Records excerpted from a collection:
◆ ◆ ◆ ◆ ◆ ◆ ◆

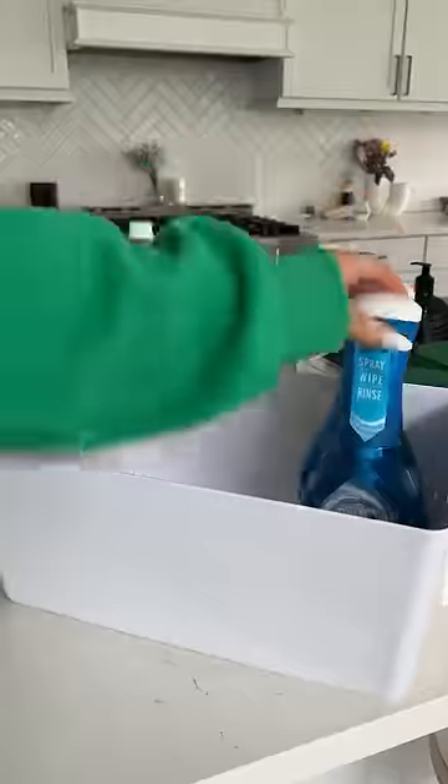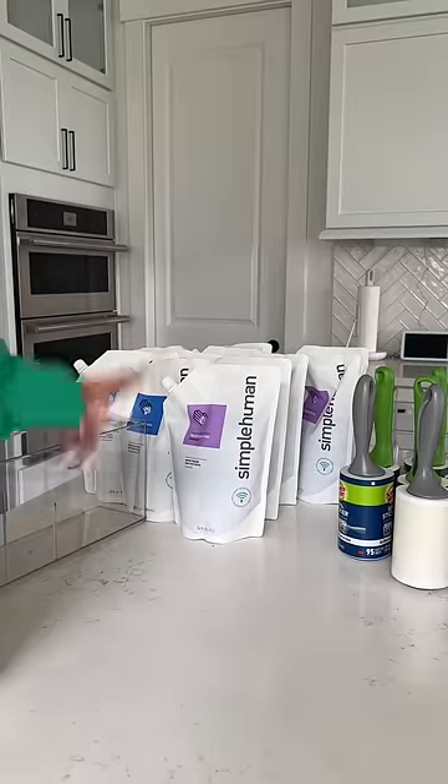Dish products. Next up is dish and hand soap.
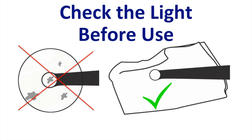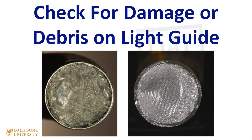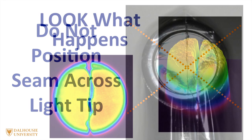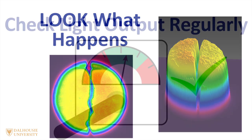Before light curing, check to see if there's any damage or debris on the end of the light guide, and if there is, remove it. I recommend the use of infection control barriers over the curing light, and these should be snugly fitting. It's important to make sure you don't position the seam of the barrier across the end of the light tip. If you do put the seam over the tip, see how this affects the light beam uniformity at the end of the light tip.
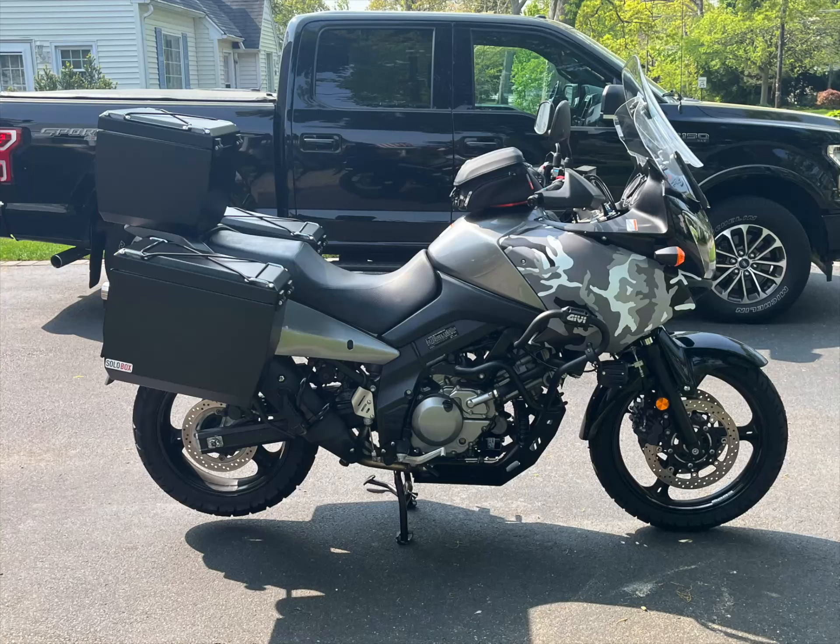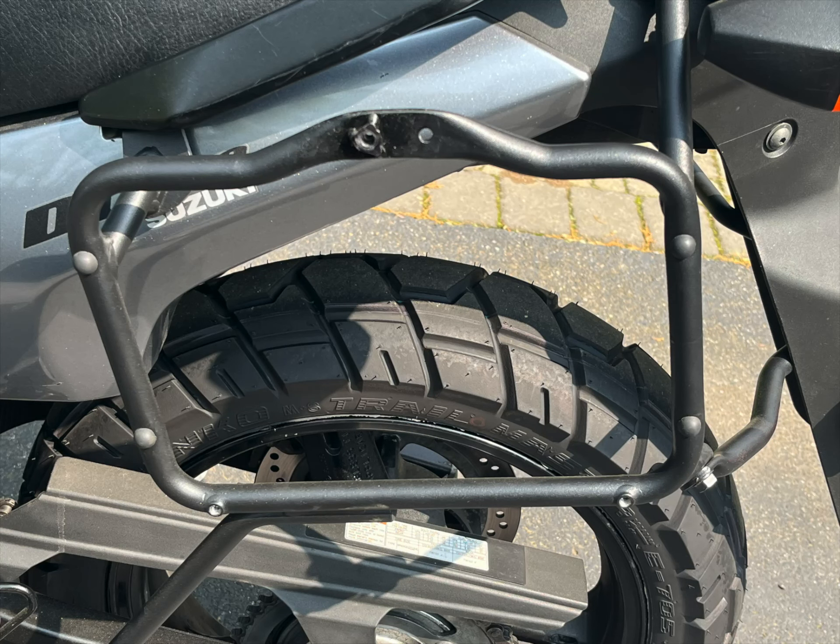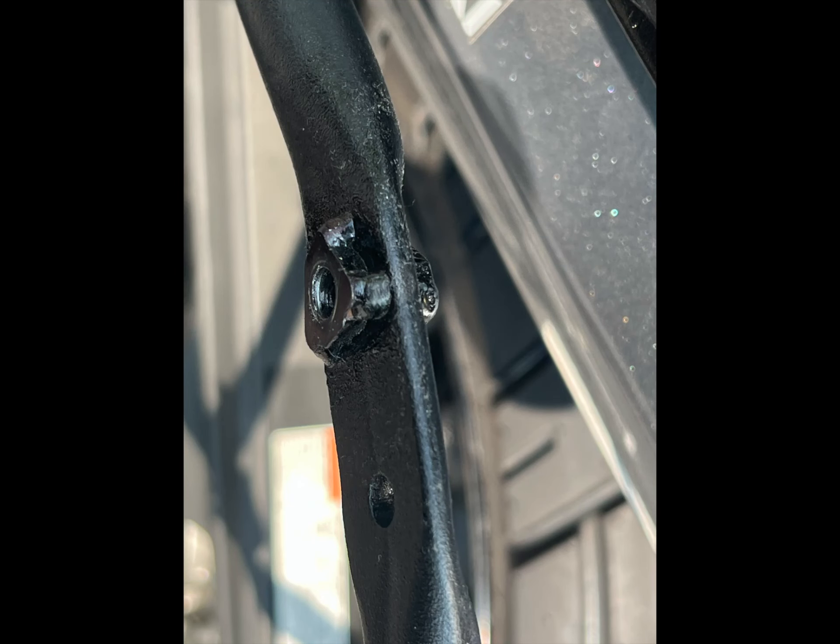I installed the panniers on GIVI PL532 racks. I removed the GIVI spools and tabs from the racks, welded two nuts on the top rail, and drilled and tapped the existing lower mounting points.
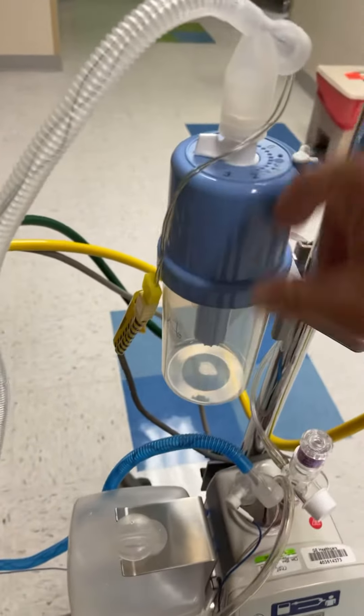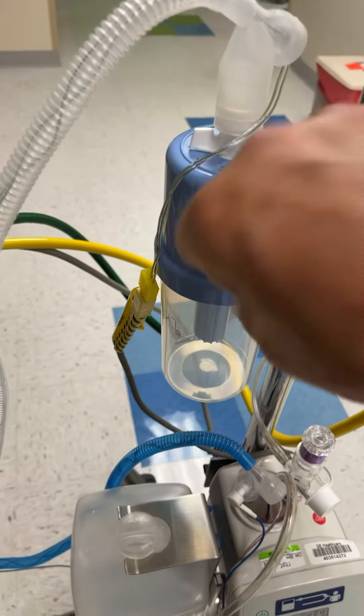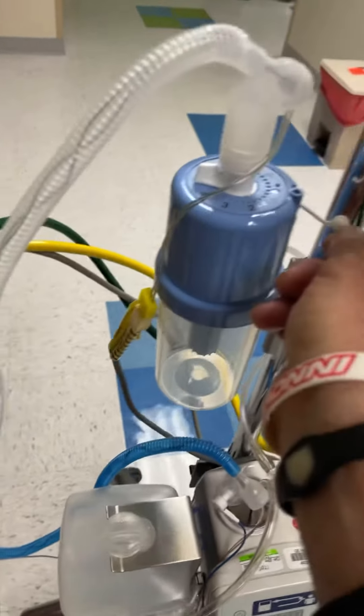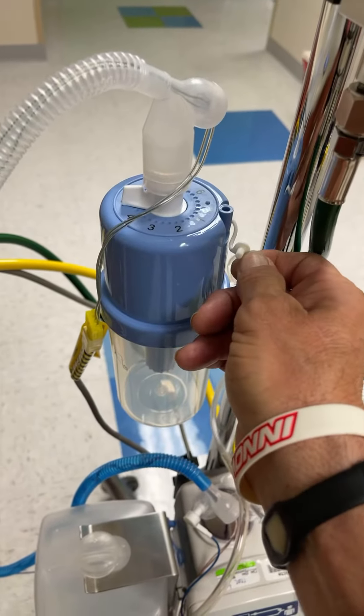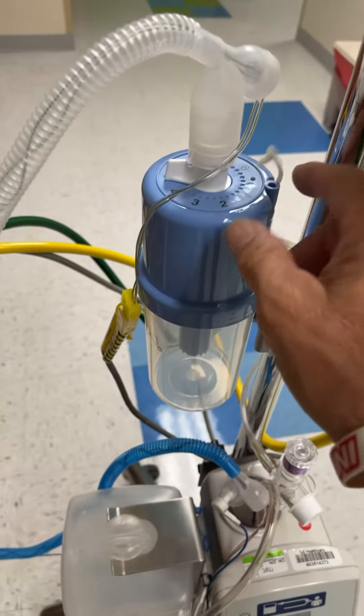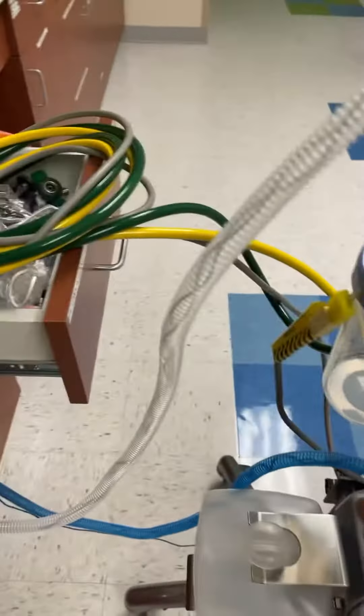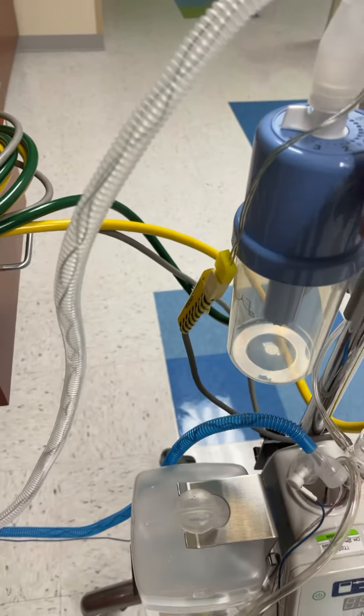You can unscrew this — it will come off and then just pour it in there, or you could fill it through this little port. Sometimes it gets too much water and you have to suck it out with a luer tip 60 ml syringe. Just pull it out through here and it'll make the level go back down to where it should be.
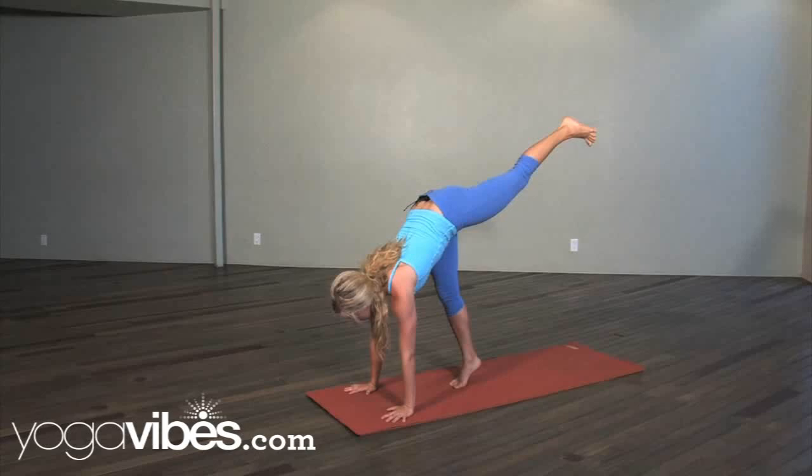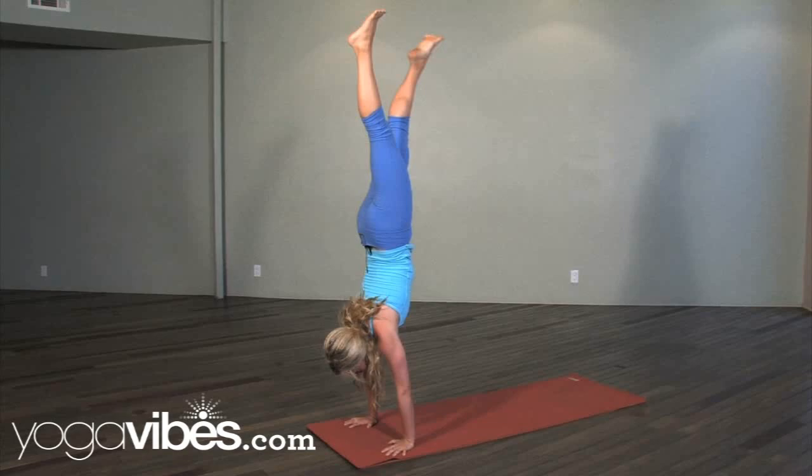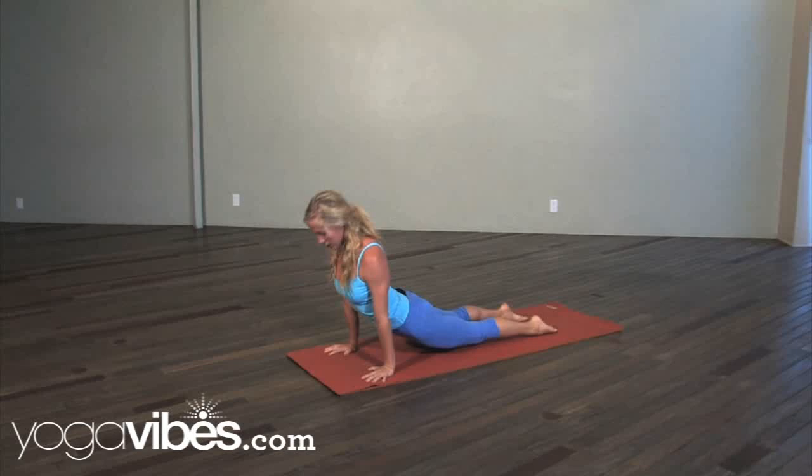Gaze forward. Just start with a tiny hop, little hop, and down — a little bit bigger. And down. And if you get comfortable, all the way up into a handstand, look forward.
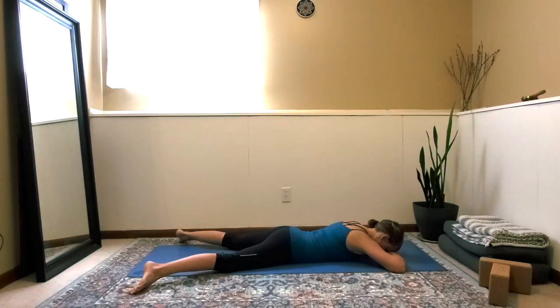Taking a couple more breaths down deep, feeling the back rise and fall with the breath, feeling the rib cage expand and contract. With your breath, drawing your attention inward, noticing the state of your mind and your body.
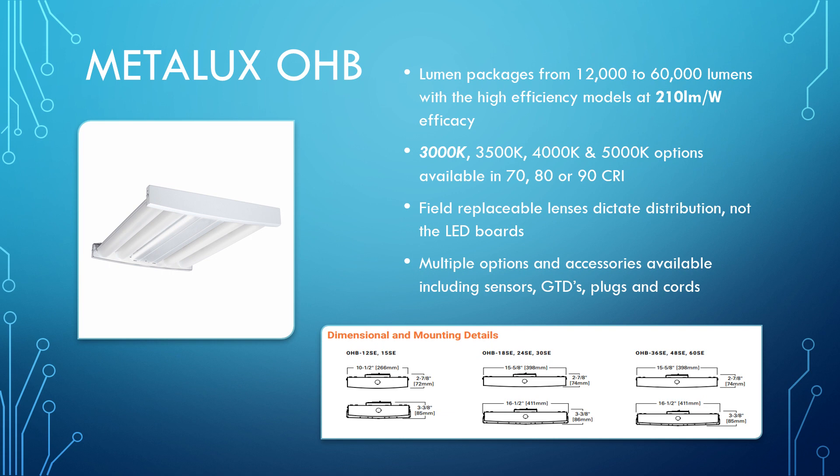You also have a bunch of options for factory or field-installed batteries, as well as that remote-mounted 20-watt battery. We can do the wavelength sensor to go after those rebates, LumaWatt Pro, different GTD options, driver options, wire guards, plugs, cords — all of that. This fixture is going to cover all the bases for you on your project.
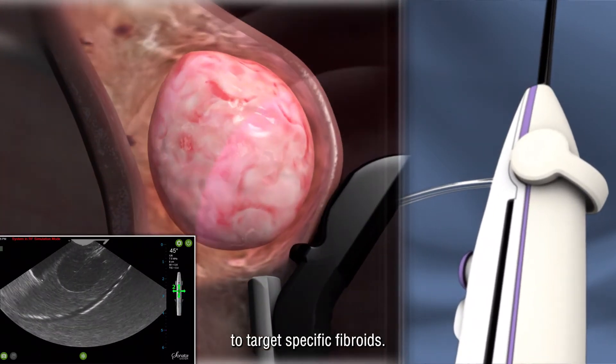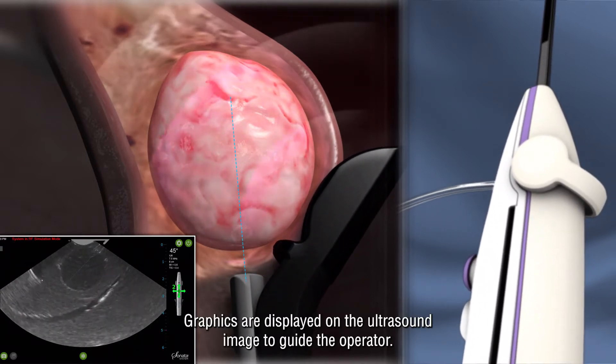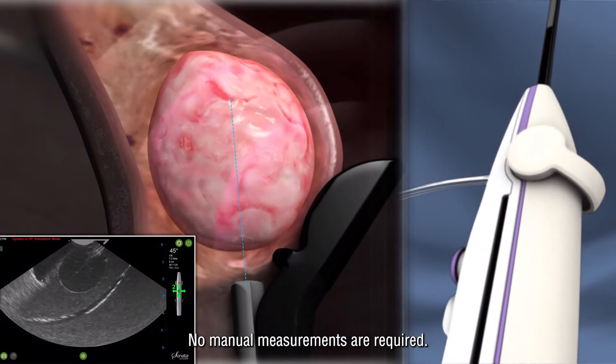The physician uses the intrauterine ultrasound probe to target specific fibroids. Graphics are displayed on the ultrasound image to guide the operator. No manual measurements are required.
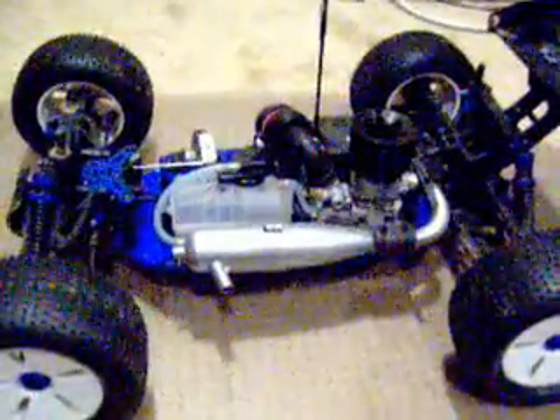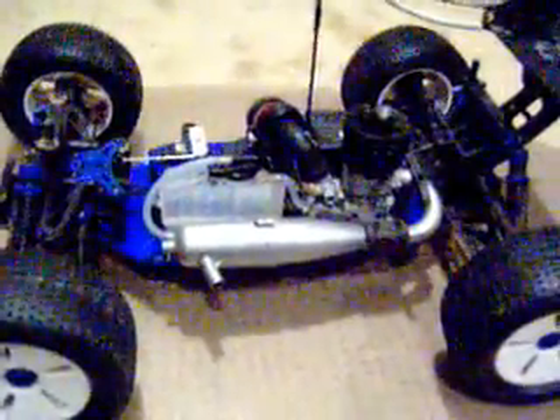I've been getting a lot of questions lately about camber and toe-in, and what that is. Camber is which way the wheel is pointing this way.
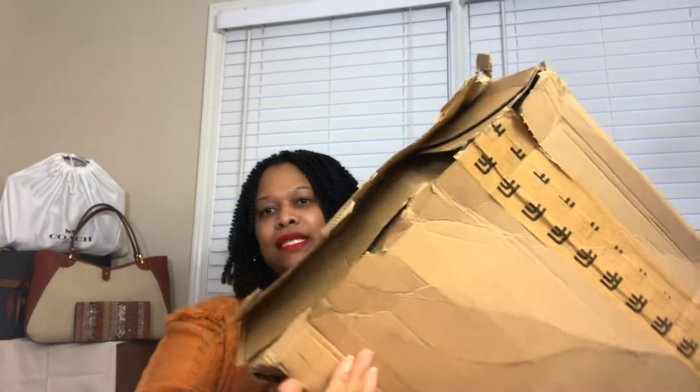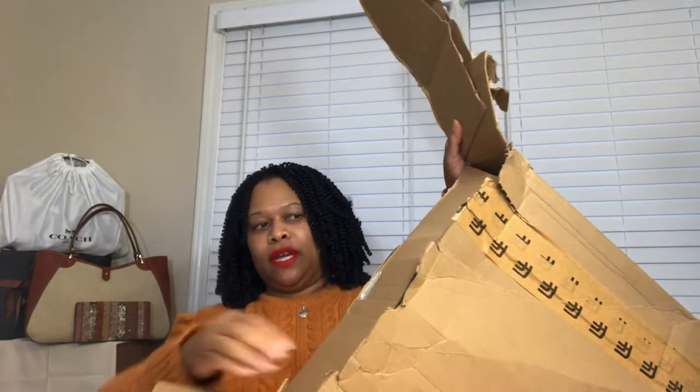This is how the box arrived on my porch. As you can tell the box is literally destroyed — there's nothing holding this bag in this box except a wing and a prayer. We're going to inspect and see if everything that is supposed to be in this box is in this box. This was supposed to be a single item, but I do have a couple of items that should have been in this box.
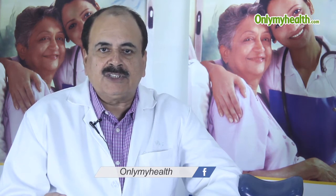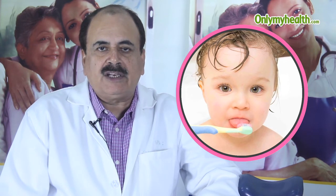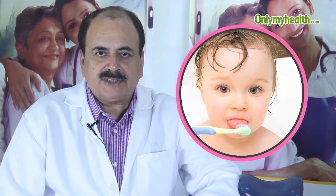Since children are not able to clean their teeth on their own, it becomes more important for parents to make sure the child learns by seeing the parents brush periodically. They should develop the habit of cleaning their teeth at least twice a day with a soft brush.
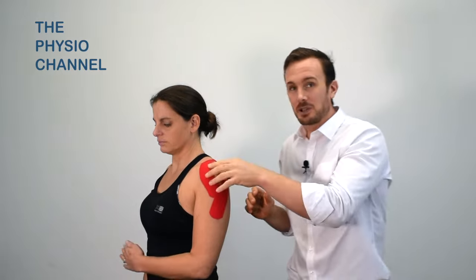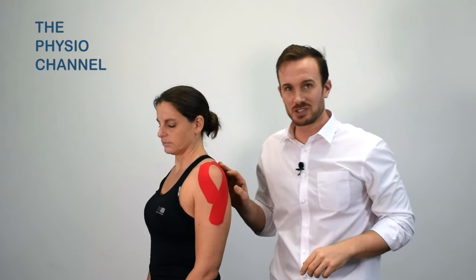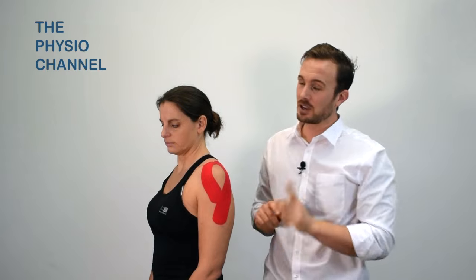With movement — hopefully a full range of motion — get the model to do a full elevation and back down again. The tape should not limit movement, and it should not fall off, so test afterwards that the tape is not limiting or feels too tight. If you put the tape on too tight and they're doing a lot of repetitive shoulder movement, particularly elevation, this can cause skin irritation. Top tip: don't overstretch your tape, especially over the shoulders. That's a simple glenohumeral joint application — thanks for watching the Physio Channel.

◆ ◆ ◆ ◆ ◆ ◆ ◆

> TASK ITEM
Word for word, set down every line of the records above, and leave the pictures out.

> ANSWER TO THE EXERCISE
Dish products. Next up is dish and hand soap.
Before light curing, check to see if there's any damage or debris on the end of the light guide, and if there is, remove it. I recommend the use of infection control barriers over the curing light, and these should be snugly fitting. It's important to make sure you don't position the seam of the barrier across the end of the light tip. If you do put the seam over the tip, see how this affects the light beam uniformity at the end of the light tip.
I installed the panniers on GIVI PL532 racks. I removed the GIVI spools and tabs from the racks, welded two nuts on the top rail, and drilled and tapped the existing lower mounting points.
You can unscrew this — it will come off and then just pour it in there, or you could fill it through this little port. Sometimes it gets too much water and you have to suck it out with a luer tip 60 ml syringe. Just pull it out through here and it'll make the level go back down to where it should be.
Gaze forward. Just start with a tiny hop, little hop, and down — a little bit bigger. And down. And if you get comfortable, all the way up into a handstand, look forward.
Taking a couple more breaths down deep, feeling the back rise and fall with the breath, feeling the rib cage expand and contract. With your breath, drawing your attention inward, noticing the state of your mind and your body.
You also have a bunch of options for factory or field-installed batteries, as well as that remote-mounted 20-watt battery. We can do the wavelength sensor to go after those rebates, LumaWatt Pro, different GTD options, driver options, wire guards, plugs, cords — all of that. This fixture is going to cover all the bases for you on your project.
The physician uses the intrauterine ultrasound probe to target specific fibroids. Graphics are displayed on the ultrasound image to guide the operator. No manual measurements are required.
I've been getting a lot of questions lately about camber and toe-in, and what that is. Camber is which way the wheel is pointing this way.
This is how the box arrived on my porch. As you can tell the box is literally destroyed — there's nothing holding this bag in this box except a wing and a prayer. We're going to inspect and see if everything that is supposed to be in this box is in this box. This was supposed to be a single item, but I do have a couple of items that should have been in this box.
Since children are not able to clean their teeth on their own, it becomes more important for parents to make sure the child learns by seeing the parents brush periodically. They should develop the habit of cleaning their teeth at least twice a day with a soft brush.
With movement — hopefully a full range of motion — get the model to do a full elevation and back down again. The tape should not limit movement, and it should not fall off, so test afterwards that the tape is not limiting or feels too tight. If you put the tape on too tight and they're doing a lot of repetitive shoulder movement, particularly elevation, this can cause skin irritation. Top tip: don't overstretch your tape, especially over the shoulders. That's a simple glenohumeral joint application — thanks for watching the Physio Channel.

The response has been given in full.